The number of Americans receiving government aid for groceries has fallen to its lowest level in almost six years – the effect of new rules in several states but also an improving U.S. economy.
The U.S. Department of Agriculture announced Aug. 23 that 43.5 million U.S. citizens are now enrolled in the Supplemental Nutrition Assistance Program (SNAP), commonly known as food stamps. That’s a year-to-year drop of two million Americans based on the data as of May, the most recent available.
USDA administers the SNAP program. The average benefit is about $125 per month.
Nearly a quarter-million Americans fell off the food stamp program in April alone – 25,000 more than expected – after changes that were announced in January took effect in 22 states. The states triggered new work requirements for able-bodied adults under 50 years of age, giving them three months to either find employment or enroll in volunteer work or some type of job-training program if they wanted to continue receiving benefits.
But an Agriculture Department spokeswoman told AMI Newswire the rule changes are only part of the reason for the decline in enrollment.
“More importantly, the SNAP program is intended to be responsive to the economy, so the downward trend we’ve seen in recent months is an encouraging sign that the economy is recovering and that we’re reaching struggling families. The best way to decrease participation in SNAP is to improve the economy.
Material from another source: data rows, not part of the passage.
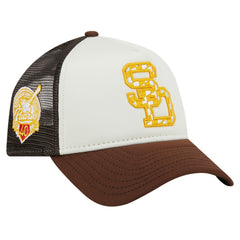 White/Brown San Diego Padres New Era Checkered Flag A-Frame Trucker 9FORTY Adjustable Hat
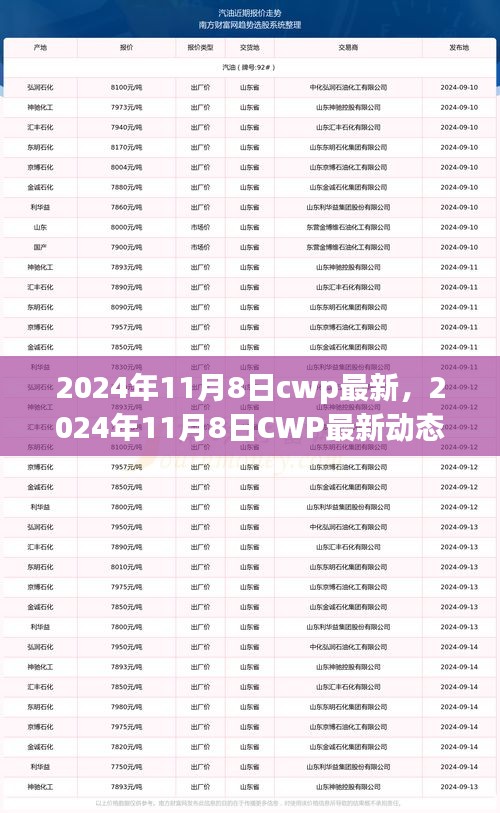 2024年11月8日CWP最新動態(tài)，引領(lǐng)行業(yè)變革的關(guān)鍵步驟與案例分析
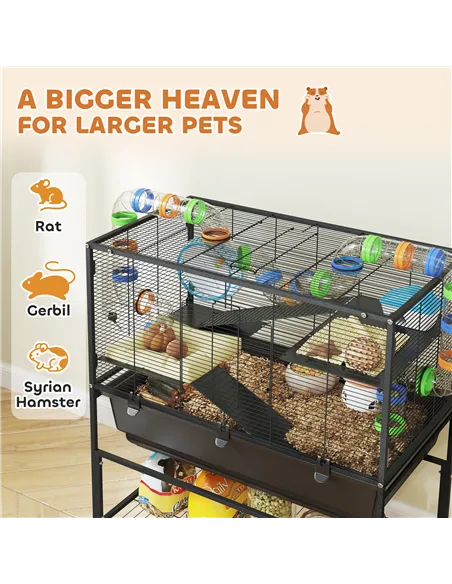 PawHut 3 Tier Large Hamster Cage on Wheels with 17 cm Deep Tray, Storage Shelf for Syrian, Gerbil, Rats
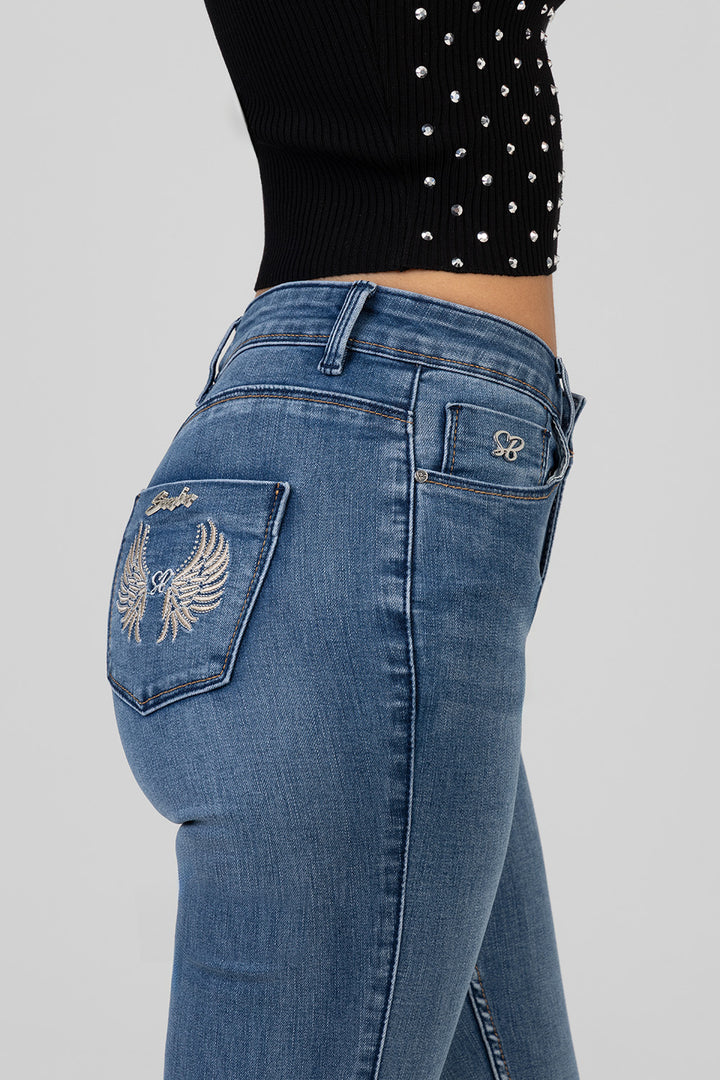 Wing Embroidery Mid Waist Skinny Denim - Medium Wash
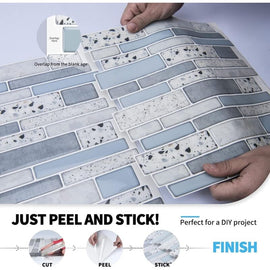 Self - Adhesive Wall Tiles Vinyl Kitchen Tile Marble Blue 10 Pieces - RnR Galore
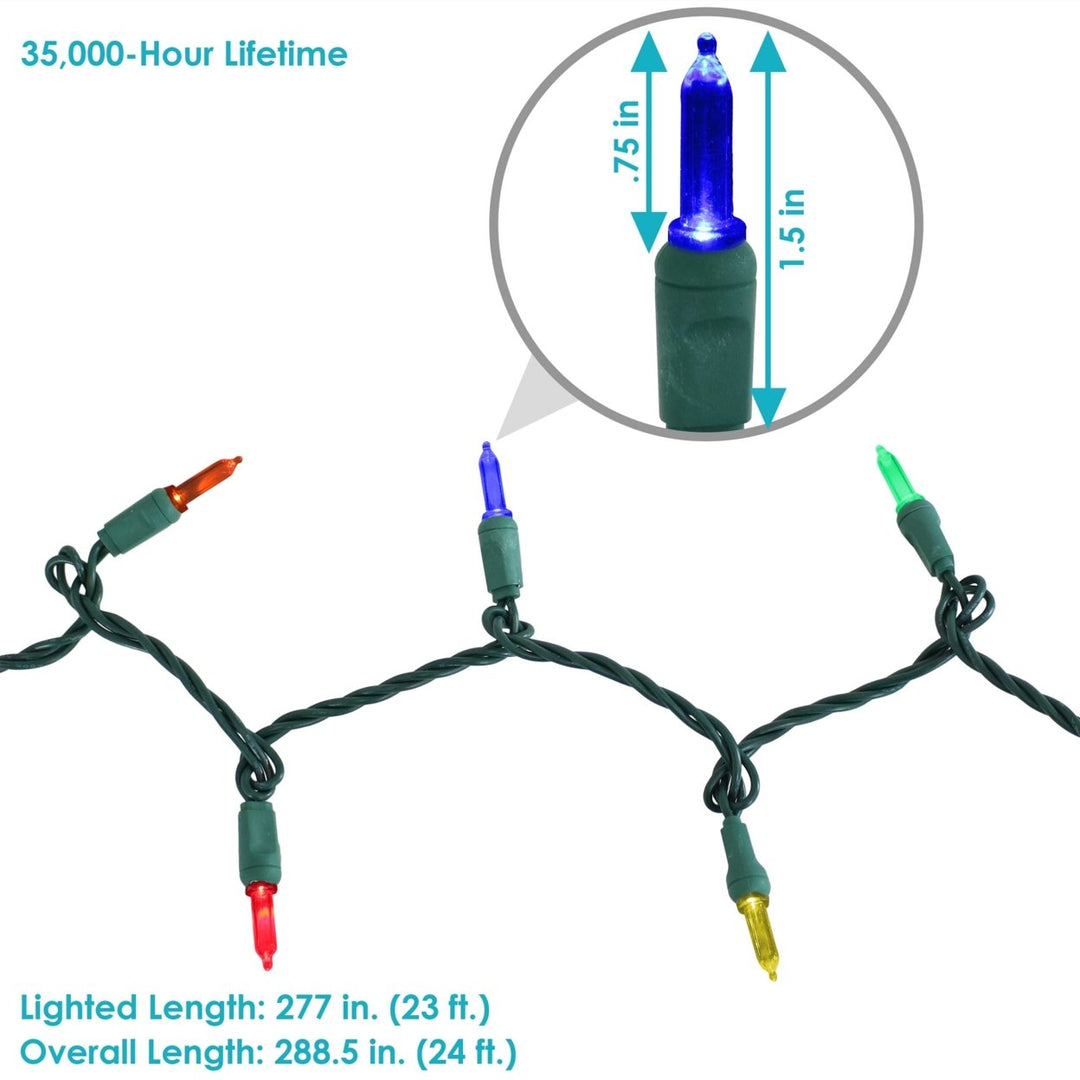 Sunnydaze 70 Ct Holiday Outdoor LED String Lights - Multi - 23 ft Image 2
The (rule changes) play a role, but they’re not the sole reason.”
The federal government allowed states to waive the work requirements as part of the 2009 economic stimulus bill, but as the economy recovers, many states are now reinstating them.
As a result, the Center for Budget and Policy Priorities, a pro-food-stamp organization headquartered in Washington, is predicting about a million people will be kicked out of SNAP in the coming months.
The decline in enrollment comes alongside a new Congressional Budget Office (CBO) projection released Tuesday that shows overall federal spending on SNAP will plummet in the coming years, as a percentage of the nation’s gross domestic product. The CBO expects SNAP spending to fall to its 1995 level in 2019.
SNAP enrollment more than doubled between 2007 and 2012, largely because of the 2008 recession, and peaked at 47.8 million in January 2013, costing the government a record $76.1 billion that year. The latest figures are the lowest since December 2010.
The USDA is also preparing to implement a new rule called a “retailer standard,” which would require grocers who accept SNAP payments to offer a wider array of healthier foods. The requirement was tucked into the 2014 farm bill passed by Congress.
Specifically, stores would be required to stock a wider, deeper inventory of dairy products; breads and cereals; meats, poultry and fish; and fruits and vegetables.
The department is also in the midst of an effort that was emphasized at the start of the Obama administration in January 2009 to expand SNAP enrollees’ access to farmers markets and direct-marketing farmers. There are now more than 6,000 such locations nationwide that are authorized to accept SNAP payments.
According to the USDA, about half of SNAP enrollees are children, while 10 percent are elderly and 40 percent of households have at least some kind of income. More than 260,000 retailers across the country are currently authorized to accept SNAP benefits.